The Modern Antiquarian. Stone Circles, Ancient Sites, Neolithic Monuments, Ancient Monuments, Prehistoric Sites, Megalithic MysteriesThe Modern Antiquarian

Port Meadow Round Hill

Round Barrow(s)


Just over a month later, and happened to be near the Round Hill again under a burning hot August sun; so thought I'd pay it a visit, now we're acquainted. What a difference to early July! All the vegetation had died down, or been eaten by the cattle, and the barrow was clearly exposed to view.

It's much bigger than I'd previously thought, and neither is it entirely 'round'. There seems to be an additional bit of barrow to the most circular, raised bit; and I wonder if it had originally been a long barrow rather than a round barrow. Standing on top of the highest bit, and looking eastwards, this would certainly appear to be the case, as does looking side-on from the south. I measured it approximately in paces; the circular part of the barrow is about 54x48 feet, and if one adds on the the slightly flatter long bit, is 114x54 feet. I would say that this longer measurement makes it something in the region of half the length of Wayland's Smithy.
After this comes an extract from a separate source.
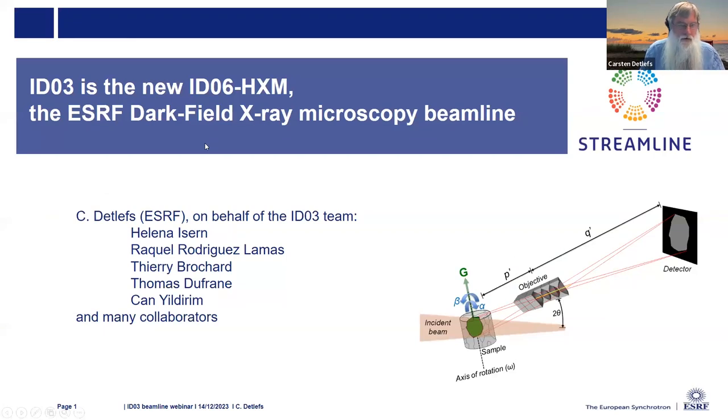I will tell you about the new ID3 beamline and especially about darkfield X-ray microscopy, because it's a relatively new technique. It's already 10 years old by now, but it's still not all that well known. But it shows great promise, as I will hopefully show you.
But sort of all flopped out, like an exhausted spaniel.

Interestingly, if it is a long barrow, it also lies on an east-west axis, with the high bit in the west. This west face also looks straight across to Wytham and Hinksey Hills (which were steaming gently like a Javanese rainforest in this unseasonal August heatwave), so therefore offers a pleasant view from the broad expanse of the meadow. I wondered about Goddess in the Landscape stuff.

This is another thing that made me wonder if it's a melting longbarrow; it lies on a water meadow which is home to free roaming grazing cattle and horses since before the Domesday Book. Is it possible that it has sunk due to erosion and flooding?

It's still gorgeous and lovely, and tugs me back every time I try to leave.